Calvin's Grace and Faith

One of the early church reformers was John Calvin, he was born in France in 1509. He was a deep spiritual man and he did advocate for Protestantism, it was referred to Calvinism. His advocacy was based on the role of the church and individual in their daily life and their relation to God as well. He believed that he had received a commission from God to restore the church’s purity that led him to brake from the Catholic Church in 1533. Some of his distinct features are still being discarded by the current protestant; Calvinism did shape the early protestant church beliefs (Barth, pg. 6). This essay will briefly discuss the ideas of Calvin on the subject of faith and grace. The ideas did circulate in several dominations and were influential as well.

In the past centuries faith was associated with the specific knowledge or set of beliefs, but recently the view if faith has changed. Faith is now referred to as the act of believing, but not what is believed, faith is an object. Currently the object of faith is rarely specified when it is being mentioned.  It can be love, fate, hope or even the unknown or sometimes God. Faith is not seen as a bible description of knowledge or trust in the individual or in the works of Jesus, but rather faith is seen as a general religious sentiment or subjective feelings of an individual (Berman, p. 10).

According to Allen & Calvin (pg.48), Calvinism did define faith as a divine benevolence that is towards individuals; it is steady and is characterized by knowledge. This knowledge is tied upon the true promises of Christ that are revealed not only in our minds but also founded in the hearts of individuals by the Holy Spirit. To him Jesus Christ is seen as the object of faith. Calvin used concentric circles in defining faith: existence of God, God’s power and truthfulness, the will of God towards us, as it is in the scripture as well as Christ. He said that the entire circles do imply faith but only Christ is the object of faith. To him individuals that see God as a proper object of faith are souls that are mislead miserably by vain speculations without a focus on the proper mark. In Calvinism Christ is seen as a mediator of God and therefore he urges human to know God, and that Christ is not set against God. He does assert that Christ is the means and the only means that human can believe in God. To him the true knowledge of Christ is receiving him as he is offered by the Father according to the gospel.

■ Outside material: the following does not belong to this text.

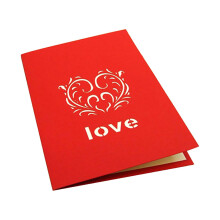 Carte de vœux 3D pop-up, carte de Saint-Valentin en papier fait main, carte postale pliable à monter soi-même avec enveloppe, cadeau idéal pour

Calvin does sees human beings being totally deprived through birth, after inheriting the effect and guilt of Adam’s original sins, to him the entire nature is a sort of sin-seed and man is corrupt before the eyes of God. As a result of the sin-seed all men do stand in the need of God’s grace. The dogma of predestination is one of the cornerstones in Calvin’s theology; it was basically on his own sovereignty, that God did pre-determine who will be saved and who will be lost before founding the world (Allen & Calvin). To him the death of Christ was efficacious to those who were to be saved. Christ is a minister an author and a prince of salvation as well; this mode of expression does not obscure divine grace and Christ’s merit is not opposed by God’s mercy but does depend on it.

Grace is seen as a foreign teaching in the scriptures, and anyone with elementary knowledge on the New Testament cannot accept Calvinism. In the book of Titus 2:11 informs us of the grace of God that has appeared to bring salvation to all men, since God loves the whole world (John 3:16), and therefore all men are to be saved (1 Timothy 2:4) and that no single human is to perish (2 Peter 3:9), Christ died for our sins forgiveness for all human race and not for the elect (1 John 2:2). God’s grace is generous and it is received by all human beings even sinners.

Apart from acknowledging that John Calvin did teach some truth, we should also be in a position to recognize that he did advocated for much error, and that these errors must be overlooked (Hodge).